I watched a woman do the twisty thing with the sausage package and squeeze it out and found it a handy procedure. And I like it when my lady asks me for some sausage, so I don’t mind whipping it out. I make good blueberry waffles too.


----------



## Wolfman1968 (Jun 9, 2011)

Mr.Married said:


> Did you leave the toilet seat up ?


The "correct" way to leave the home toilet is with the seat AND the lid down. That way, nothing can accidentally fall into the toilet bowl.

If she doesn't put the lid down, then she's just as much an offender. Also, that will blunt her ability to rant about the seat; it shows how easy it is to overlook the seat position if she forgets the lid position herself.


----------



## Wolfman1968 (Jun 9, 2011)

daveguy said:


> My wife complains I don't clean enough, but when I do, she stands over me like a Hawk constantly nit picking tell me how I'm doing it wrong.
> I try when she's not home and get chided when she gets home,
> i try in different rooms and ask her to leave me along there and FREAKING MOST Weird thing is, she will then stay/go to a different room and "clean" by stomping and banging very loudly AND throwing away my stuff!
> 
> ...


If the rest of your relationship is very good, then this is the sort of thing that marriage counselors SHOULD be good at fixing. An neutral party to set ground rules for minor behavioral issues.


----------



## DownByTheRiver (Jul 2, 2020)

Diceplayer said:


> ^^^THIS^^^ My wife tried this crap on me just one time. I was making breakfast for us and she started telling me that I was opening the sausage package wrong. I never said a word. I just laid the package down, poured myself a bowl of cereal and never made breakfast again. Guess what. She has never done that again.


Well that's mature.


----------



## DownByTheRiver (Jul 2, 2020)

Mr.Married said:


> …
> View attachment 94298


Women don't pee all over the toilet seat.


----------



## *Deidre* (Feb 7, 2016)

What do you say to her when she throws some of your stuff away?

If you have an otherwise good/healthy relationship, then she should be open to hearing how this frustrates you and compromise.


----------



## Openminded (Feb 21, 2013)

Wolfman1968 said:


> The "correct" way to leave the home toilet is with the seat AND the lid down. That way, nothing can accidentally fall into the toilet bowl.
> 
> If she doesn't put the lid down, then she's just as much an offender. Also, that will blunt her ability to rant about the seat; it shows how easy it is to overlook the seat position if she forgets the lid position herself.


Exactly. That’s why there is a lid.


----------



## Julie's Husband (Jan 3, 2022)

DownByTheRiver said:


> Women don't pee all over the toilet seat.


My wife says otherwise.
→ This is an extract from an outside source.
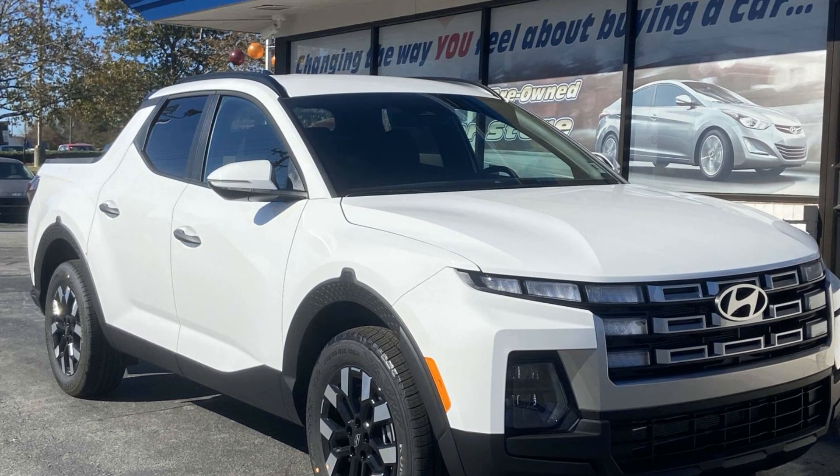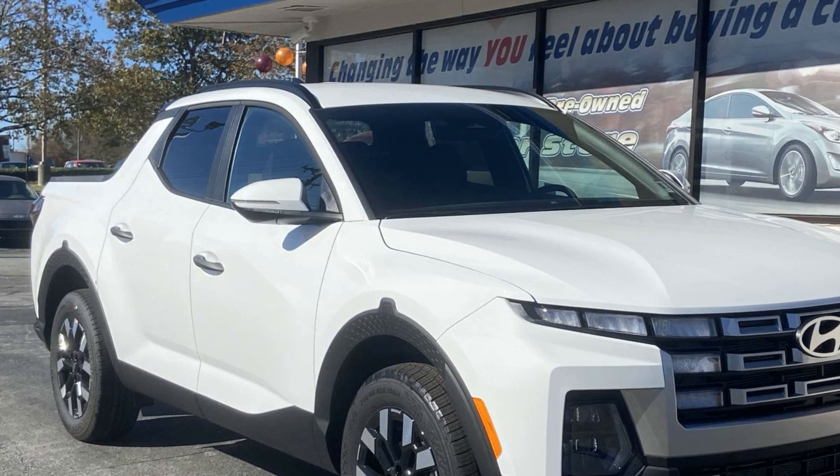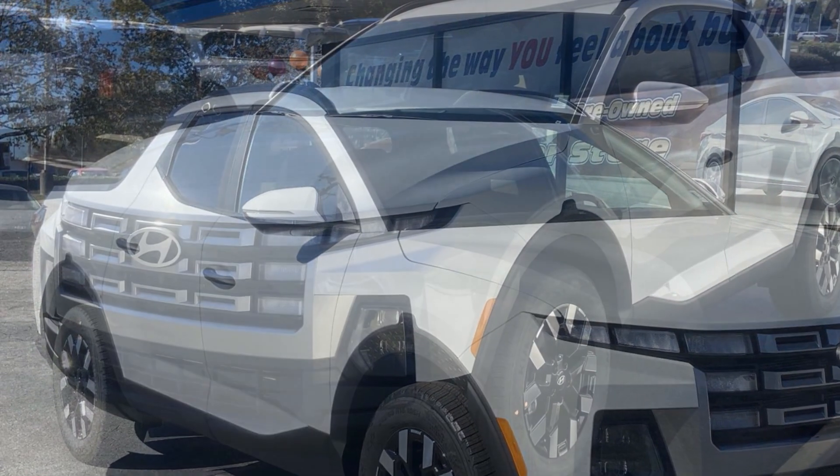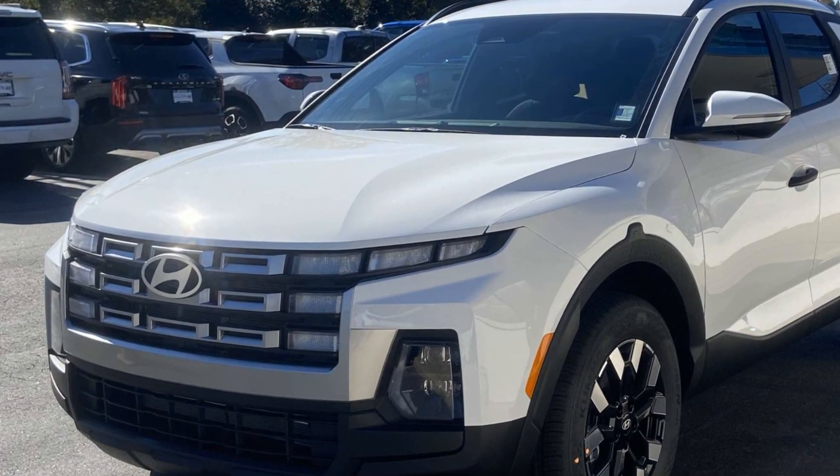2025 Hyundai Santa Cruz. This pickup truck offers two full rows of seating for premium comfort. Find what you are looking for and more with these extra features.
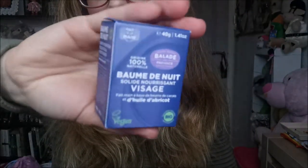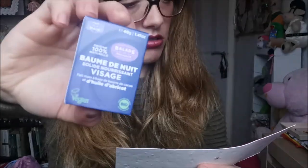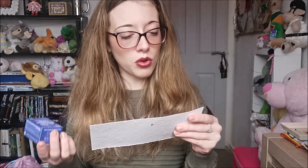Number one on the list is Blade and Provence solid night cream, full size. It comes in a small pepper box. It says: wake up with soft hydrated skin, formulated with all natural ingredients. This handmade bar is a nourishing evening moisturizer, certified organic and enriched with cocoa butter and apricot kernel oil to hydrate dry skin while you sleep. To use, slowly glide the bar over your face and the warmth of your skin will melt it.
She's complained several times after using toilets at malls and such.


----------



## Julie's Husband (Jan 3, 2022)

My wife doesn't like the patterns I leave when I vacuum the rugs and carpets, doesn't like how I do the formal bed setting. I just leave them to her now, and offer to help when she seems to need a break.


----------



## SunCMars (Feb 29, 2016)

Mr.Married said:


> …
> View attachment 94298


The thing is.....

I get that women do their business sitting down....always.
Even in the woods!

Men have this same problem when they get up in the middle of the night, and need to sit in the dark and release...whatever it is, only to find the seat up.

And your butt, by habit, is placed dead center, so no sides are available to keep it from going down, down, splash, into the toilet's water!

Talk about throwing your back out, when your butt meets no plastic, only that _cold porcelain_!

BTDT!


----------



## DownByTheRiver (Jul 2, 2020)

Julie's Husband said:


> My wife says otherwise. She's complained several times after using toilets at malls and such.


Well there's a reason for why they might have pee on them in public and that's because people are afraid of using public restrooms and don't sit down, but no one doesn't sit down in their own home. And that's why men who are standing up tend to splatter and that's why men need to be the ones to touch the toilet seat and put them down.


----------



## DownByTheRiver (Jul 2, 2020)

Julie's Husband said:


> My wife doesn't like the patterns I leave when I vacuum the rugs and carpets, doesn't like how I do the formal bed setting. I just leave them to her now, and offer to help when she seems to need a break.


I agree it's being too picky about the rug patterns, unless of course you're preparing to have some company over that you want to impress. 

I think you guys need to be just asking them why and find out if there's some reason for it aside from them just wanting you to copy what they do. My guess is that they've already given you this information, but if not, just ask them why it needs to be done this certain way. And if they have a legitimate reason such as the toilet lid thing, great. If they just want you to copy them, then just ask them why they care as long as the job gets done. 

And if that pisses them off, then just tell them you're trying to help and they're not letting you because of the time it's taking them to supervise they could have done it themselves. 

But I think some of you are setting yourself up to be in a parent child relationship if you just sull up and refuse to help and be a partner. Because she may just roll up and refuse to be a partner in other ways if you're going to act like that. 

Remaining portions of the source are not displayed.